* [Crawled caption data]:
• • • • •
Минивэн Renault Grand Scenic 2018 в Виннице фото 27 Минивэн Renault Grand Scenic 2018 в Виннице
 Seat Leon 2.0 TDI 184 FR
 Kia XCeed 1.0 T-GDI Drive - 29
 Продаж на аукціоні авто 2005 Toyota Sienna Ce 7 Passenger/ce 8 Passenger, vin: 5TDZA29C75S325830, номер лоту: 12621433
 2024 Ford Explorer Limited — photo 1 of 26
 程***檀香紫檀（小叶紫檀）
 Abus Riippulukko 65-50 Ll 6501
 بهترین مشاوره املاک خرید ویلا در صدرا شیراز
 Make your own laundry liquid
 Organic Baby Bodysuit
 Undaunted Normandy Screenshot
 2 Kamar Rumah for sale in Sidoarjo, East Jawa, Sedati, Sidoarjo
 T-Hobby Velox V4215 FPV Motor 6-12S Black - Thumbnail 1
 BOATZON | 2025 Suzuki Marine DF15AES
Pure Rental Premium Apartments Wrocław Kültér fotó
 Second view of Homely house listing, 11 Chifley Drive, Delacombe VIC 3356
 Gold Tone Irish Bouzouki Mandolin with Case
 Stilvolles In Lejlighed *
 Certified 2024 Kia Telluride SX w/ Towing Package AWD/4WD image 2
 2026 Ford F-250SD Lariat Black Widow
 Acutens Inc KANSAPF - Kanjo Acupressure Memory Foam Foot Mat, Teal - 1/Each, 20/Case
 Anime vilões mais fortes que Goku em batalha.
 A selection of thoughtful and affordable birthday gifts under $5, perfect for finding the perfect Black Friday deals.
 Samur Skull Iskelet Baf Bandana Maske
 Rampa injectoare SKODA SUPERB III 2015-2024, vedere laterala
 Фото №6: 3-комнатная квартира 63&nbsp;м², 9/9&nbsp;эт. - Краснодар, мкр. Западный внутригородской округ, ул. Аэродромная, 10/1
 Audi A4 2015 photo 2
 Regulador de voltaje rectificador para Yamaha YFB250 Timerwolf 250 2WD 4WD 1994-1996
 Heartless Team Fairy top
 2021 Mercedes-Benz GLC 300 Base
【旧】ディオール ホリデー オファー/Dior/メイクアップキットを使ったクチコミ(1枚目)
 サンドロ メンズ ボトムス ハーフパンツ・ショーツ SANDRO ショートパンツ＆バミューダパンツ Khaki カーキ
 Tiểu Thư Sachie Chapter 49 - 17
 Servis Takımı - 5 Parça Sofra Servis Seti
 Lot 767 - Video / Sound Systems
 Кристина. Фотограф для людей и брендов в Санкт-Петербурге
• • • • •
* [Problem statement]: Each entry must appear again in the answer exactly as written.

* [Answer to the problem]:
Минивэн Renault Grand Scenic 2018 в Виннице фото 27 Минивэн Renault Grand Scenic 2018 в Виннице
 Seat Leon 2.0 TDI 184 FR
 Kia XCeed 1.0 T-GDI Drive - 29
 Продаж на аукціоні авто 2005 Toyota Sienna Ce 7 Passenger/ce 8 Passenger, vin: 5TDZA29C75S325830, номер лоту: 12621433
 2024 Ford Explorer Limited — photo 1 of 26
 程***檀香紫檀（小叶紫檀）
 Abus Riippulukko 65-50 Ll 6501
 بهترین مشاوره املاک خرید ویلا در صدرا شیراز
 Make your own laundry liquid
 Organic Baby Bodysuit
 Undaunted Normandy Screenshot
 2 Kamar Rumah for sale in Sidoarjo, East Jawa, Sedati, Sidoarjo
 T-Hobby Velox V4215 FPV Motor 6-12S Black - Thumbnail 1
 BOATZON | 2025 Suzuki Marine DF15AES
Pure Rental Premium Apartments Wrocław Kültér fotó
 Second view of Homely house listing, 11 Chifley Drive, Delacombe VIC 3356
 Gold Tone Irish Bouzouki Mandolin with Case
 Stilvolles In Lejlighed *
 Certified 2024 Kia Telluride SX w/ Towing Package AWD/4WD image 2
 2026 Ford F-250SD Lariat Black Widow
 Acutens Inc KANSAPF - Kanjo Acupressure Memory Foam Foot Mat, Teal - 1/Each, 20/Case
 Anime vilões mais fortes que Goku em batalha.
 A selection of thoughtful and affordable birthday gifts under $5, perfect for finding the perfect Black Friday deals.
 Samur Skull Iskelet Baf Bandana Maske
 Rampa injectoare SKODA SUPERB III 2015-2024, vedere laterala
 Фото №6: 3-комнатная квартира 63&nbsp;м², 9/9&nbsp;эт. - Краснодар, мкр. Западный внутригородской округ, ул. Аэродромная, 10/1
 Audi A4 2015 photo 2
 Regulador de voltaje rectificador para Yamaha YFB250 Timerwolf 250 2WD 4WD 1994-1996
 Heartless Team Fairy top
 2021 Mercedes-Benz GLC 300 Base
【旧】ディオール ホリデー オファー/Dior/メイクアップキットを使ったクチコミ(1枚目)
 サンドロ メンズ ボトムス ハーフパンツ・ショーツ SANDRO ショートパンツ＆バミューダパンツ Khaki カーキ
 Tiểu Thư Sachie Chapter 49 - 17
 Servis Takımı - 5 Parça Sofra Servis Seti
 Lot 767 - Video / Sound Systems
 Кристина. Фотограф для людей и брендов в Санкт-Петербурге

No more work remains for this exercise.